- Origin: New York City, New York, United States
- Genres: Funk Rap Blue-eyed soul Pop
- Years active: 1979–1993
- Labels: Meaningful Records
- Past members: C.B. Miller, Michael Miller, Dan Miller, Blake Sloan

= Miller Miller Miller & Sloan =

American funk/pop band

Miller Miller Miller & Sloan was an American funk/Pop band, based in New York City, that reached its zenith in the early 1980s. The band was made up of the three Miller brothers Dan, C.B. "Barney" and Mike, plus and their childhood friend, Blake Sloan. The band opened for The Clash, as well as Tom Tom Club and Chaka Khan, playing prominent venues such as The Ritz and CBGB's.

The band was the subject of the documentary film, Miller Miller Miller & Sloan: We Don't Wanna Make You Dance, by director Lucy Kostelanetz. The movie inspired a new Facebook page for the band which links to their many music videos and other band information.

Miller, Miller, Miller & Sloan appear (as Miller, Miller, Miller & Sloane) in the Jonathan Lethem novel, "Fortress Of Solitude".

Mike Miller, the band's vocalist/percussionist is now a solo artist known as Mr. Shy.
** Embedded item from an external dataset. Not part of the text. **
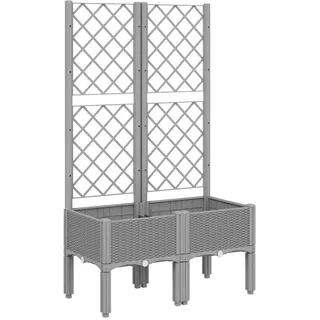 vidaXL Pflanzkübel mit Rankgitter Hellgrau 80x40x142 cm PP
Guitarist Barney Miller went on to a solo career as The Legendary Barney Miller. His music is available on iTunes, Spotify, Tidle, and other music streaming services. He also has a Facebook page.

Dan Miller, the band's rhythm guitarist, later cofounded the Duck Corporation, later On2 Technologies.

Their cousin is Dominic Miller, guitarist for Sting since 1990.